## Exercise details
Reproduce the lines below exactly. Skip images.

## Data
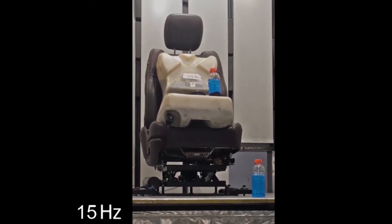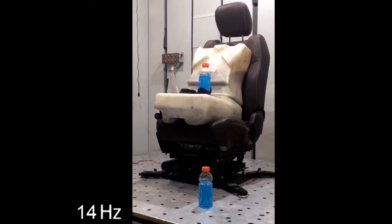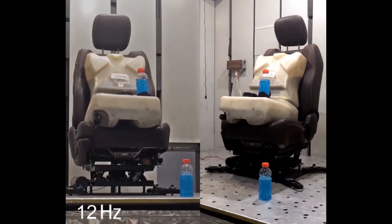This video demonstrates the impact of a seat with SST's counter-ride technology being exposed to sinusoidal vibrations from 16 to 6 Hz. Vibrations at the floor and the top of the seat result in liquid movement. At 12 Hz, the seat stops moving. This is the counter-ride technology in action.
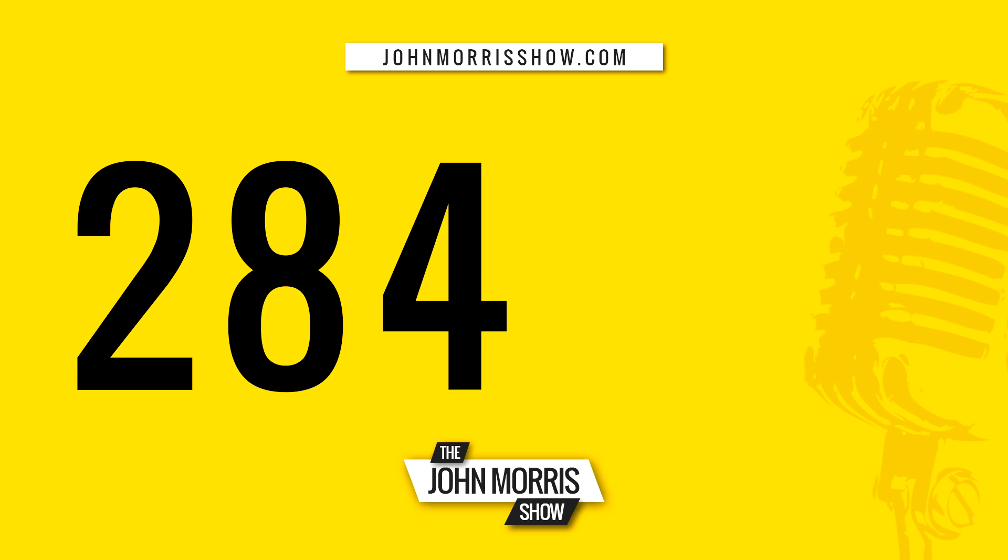That'll do it for this episode. If you liked it, I'd appreciate if you'd share it with someone who's wondering about this question. All past episodes and subscribe links for Android, iTunes, TuneIn, and all that can be found at johnmorrisshow.com. And finally, if you rate and review the podcast on iTunes, I'd greatly appreciate it — I'll give you module one of my PHP 101 course for leaving an honest review. All the details are at johnmorrisshow.com; just click the start here link at the top. Thanks for listening — we'll talk to you next time.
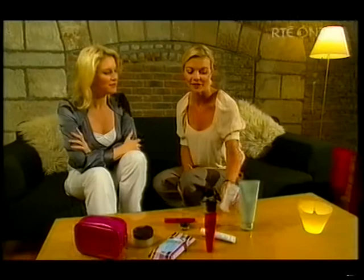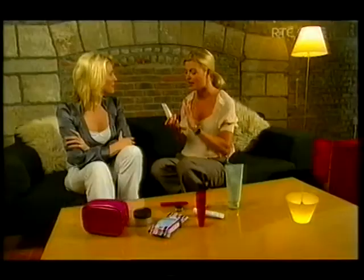The first one I'm going to show you is the Skin NY. It's this new skincare line and they've only got three products. I actually tried it out and honestly it's closed my pores.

## Task solution
This video demonstrates the impact of a seat with SST's counter-ride technology being exposed to sinusoidal vibrations from 16 to 6 Hz. Vibrations at the floor and the top of the seat result in liquid movement. At 12 Hz, the seat stops moving. This is the counter-ride technology in action.
That'll do it for this episode. If you liked it, I'd appreciate if you'd share it with someone who's wondering about this question. All past episodes and subscribe links for Android, iTunes, TuneIn, and all that can be found at johnmorrisshow.com. And finally, if you rate and review the podcast on iTunes, I'd greatly appreciate it — I'll give you module one of my PHP 101 course for leaving an honest review. All the details are at johnmorrisshow.com; just click the start here link at the top. Thanks for listening — we'll talk to you next time.
The first one I'm going to show you is the Skin NY. It's this new skincare line and they've only got three products. I actually tried it out and honestly it's closed my pores.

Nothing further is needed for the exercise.